Surfing around youtube, I really enjoyed this video by Jesse Anderson on youtube, that explains MapReduce functioning with playing cards. Simple, effective and genial in deed.

How could this help in bioinformatics?

As Lin Dai and collaborators pointed out on Biology Direct in 2012, bioinformatics is moving from in-house computing infrastructure into utility-supplied cloud computing delivered over the Internet, in order to handle the vast quantities of biological data generated by high-throughput experimental technologies. As a matter of fact, cloud computing is getting more and more important in genomics, and is expected to become fundamental on the long run.

Some MapReduce implementations dedicated to sequencing analyses are already available in literature. Michael Schat’s Cloudburst can be a fair example. Published in 2008, Cloudburst is based on the open-source MapReduce package Hadoop to reduce the running time from hours to minutes for typical jobs involving mapping of millions of short reads to the human genome.

More recently, many methods have been developed to make cloud technology available for bioinformatics analyses. I just rattle off three examples, but there is a plenty of these software solutions out there. Galaxy Cloud, software for NGS data analysis, is most likely the best known. In protein structure and function prediction, the PredictProtein Debian package uses cloud technologies as well, and I have found this cloud-compatible bioinformatics pipeline for ultrarapid pathogen identification from next-generation sequencing of clinical samples very interesting in deed.

The list could be far longer, and a more detailed research among literature may return a plenty of cloud- based methods.
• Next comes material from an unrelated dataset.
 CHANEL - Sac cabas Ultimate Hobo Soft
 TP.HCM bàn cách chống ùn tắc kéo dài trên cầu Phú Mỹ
In the most of them, MapReduce is reference programming model, and the understanding of its basic functioning could turn out as important as the comprehension of classic bioinformatics algorithms.

Some resources to learn and use MapReduce.

Hadoop is a MapReduce package developed by Apache and distributed under the Apache free- software licence. I assume this as a reference distribution, but it is not the only one. You can explore the official website and download a very detailed PDF guide. The tutorial is oriented to Java language, but you can easily find further documentation to run MapReduce in other languages.

Eventually, you may also consider looking a video tutorial. I had a look on this one on Vimeo, and it seems quite complete, but more will come out if you go searching through.

Will MapReduce replace SQL databases?

Someone may have noticed that MapReduce allows to sort and process data, and that their structuring is not essential. Asking whether this method could make SQL databases obsolete is a fair question, still quite a lot open. As far as I can understand surfing around the web, it is most likely not the case. In 2009, some researchers from American universities argued that MapReduce lacked many key features, and a bit of criticism accompanied MapReduce over the years. MapReduce is a great method to process data quickly, but structured languages still provide the best tools for their storage. That is why you will get to find many solutions to apply MapReduce to SQL databases.

I take this as a further demonstration that competition is often pointless, and the best will come from collaboration. If possible, we’d better take the best of anything we have available.